* **EXERCISE REQUIREMENTS**: Exactly the lines from the one containing "QR Code Boho Wildblume Brautparty Einladung" through the end of the listing must make up the answer, with no pictures included.
[DATA PROVIDED Boundary: Start]
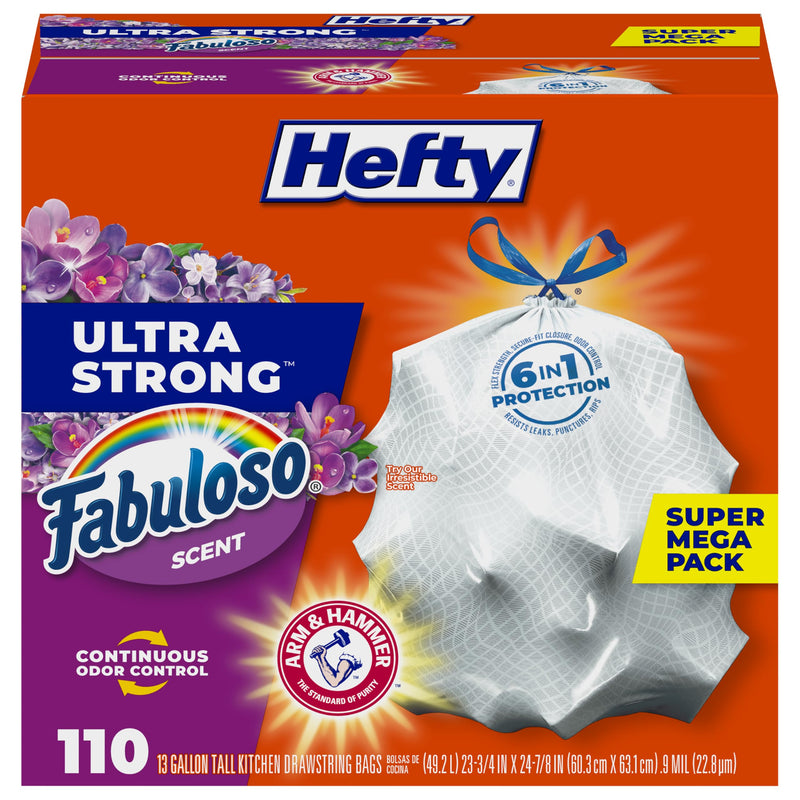 Hefty Ultra Strong 13 Gallon Trash Bags, Tall Kitchen Trash Bags 13 Gallon Size, Drawstring Closure, Continuous Odor Control, White, Clean Burst Scent, 110 Bags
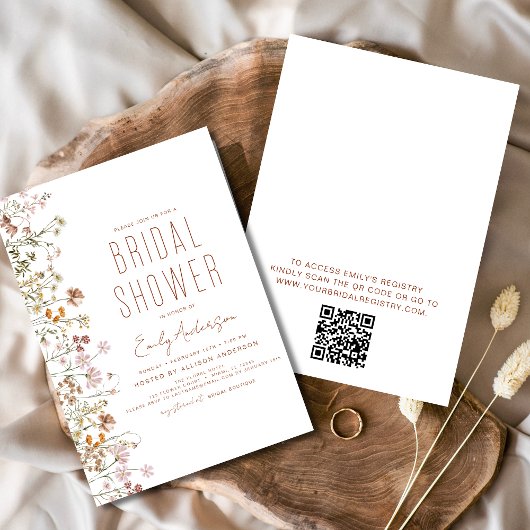 QR Code Boho Wildblume Brautparty Einladung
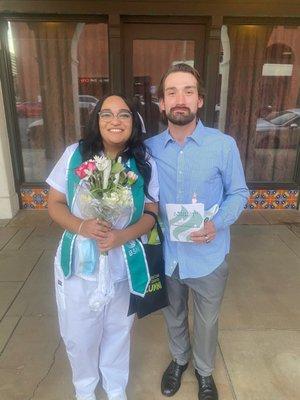 Me and my husband after the pinning ceremony.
[DATA PROVIDED Boundary: End]
* **RESULT**:
 QR Code Boho Wildblume Brautparty Einladung
 Me and my husband after the pinning ceremony.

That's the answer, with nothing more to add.